◆ **PROBLEM**
Look through the listing below, and wherever a line has the string "furniture", copy it.

○ ○ ○

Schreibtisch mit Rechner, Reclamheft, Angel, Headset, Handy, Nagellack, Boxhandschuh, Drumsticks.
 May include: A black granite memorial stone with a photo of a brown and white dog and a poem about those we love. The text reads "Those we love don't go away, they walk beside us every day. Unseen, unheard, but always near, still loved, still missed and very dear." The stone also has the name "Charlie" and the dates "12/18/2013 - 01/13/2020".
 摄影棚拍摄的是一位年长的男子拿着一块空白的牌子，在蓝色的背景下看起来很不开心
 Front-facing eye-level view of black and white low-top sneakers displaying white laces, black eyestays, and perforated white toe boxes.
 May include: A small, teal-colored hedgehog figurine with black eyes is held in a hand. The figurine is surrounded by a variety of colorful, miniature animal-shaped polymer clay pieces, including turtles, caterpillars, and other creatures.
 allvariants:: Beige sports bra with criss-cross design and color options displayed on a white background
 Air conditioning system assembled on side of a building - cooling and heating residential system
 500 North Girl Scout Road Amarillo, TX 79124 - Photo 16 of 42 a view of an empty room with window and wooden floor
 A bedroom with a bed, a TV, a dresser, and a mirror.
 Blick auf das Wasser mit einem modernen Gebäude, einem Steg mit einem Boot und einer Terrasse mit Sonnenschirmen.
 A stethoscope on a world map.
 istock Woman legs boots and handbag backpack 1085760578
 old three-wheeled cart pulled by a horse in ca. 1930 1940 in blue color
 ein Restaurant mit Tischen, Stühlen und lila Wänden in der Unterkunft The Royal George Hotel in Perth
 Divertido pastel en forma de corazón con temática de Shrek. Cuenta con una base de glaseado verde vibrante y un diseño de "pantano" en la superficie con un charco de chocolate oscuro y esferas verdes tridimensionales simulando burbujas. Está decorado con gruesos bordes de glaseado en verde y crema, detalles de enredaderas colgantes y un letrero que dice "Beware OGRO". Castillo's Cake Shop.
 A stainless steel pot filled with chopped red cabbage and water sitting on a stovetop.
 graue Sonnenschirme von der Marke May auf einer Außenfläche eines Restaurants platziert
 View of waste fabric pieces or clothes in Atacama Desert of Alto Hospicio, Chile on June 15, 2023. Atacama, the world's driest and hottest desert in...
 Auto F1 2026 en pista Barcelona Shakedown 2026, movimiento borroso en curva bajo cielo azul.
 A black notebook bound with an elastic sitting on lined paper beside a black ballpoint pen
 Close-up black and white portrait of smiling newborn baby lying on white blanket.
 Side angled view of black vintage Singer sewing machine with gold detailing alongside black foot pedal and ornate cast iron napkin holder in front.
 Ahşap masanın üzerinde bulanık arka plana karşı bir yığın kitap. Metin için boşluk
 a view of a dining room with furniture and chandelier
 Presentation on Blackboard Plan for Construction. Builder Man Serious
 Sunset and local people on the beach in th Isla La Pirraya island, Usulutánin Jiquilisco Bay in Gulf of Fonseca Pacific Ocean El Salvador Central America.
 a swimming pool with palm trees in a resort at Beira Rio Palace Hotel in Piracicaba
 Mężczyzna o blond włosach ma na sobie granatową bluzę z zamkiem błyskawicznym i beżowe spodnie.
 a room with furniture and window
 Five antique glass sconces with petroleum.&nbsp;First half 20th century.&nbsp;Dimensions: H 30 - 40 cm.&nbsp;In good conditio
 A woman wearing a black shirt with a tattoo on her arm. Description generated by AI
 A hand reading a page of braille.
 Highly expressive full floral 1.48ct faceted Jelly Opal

○ ○ ○

◆ **WRITTEN ANSWER**
 a view of a dining room with furniture and chandelier
 a room with furniture and window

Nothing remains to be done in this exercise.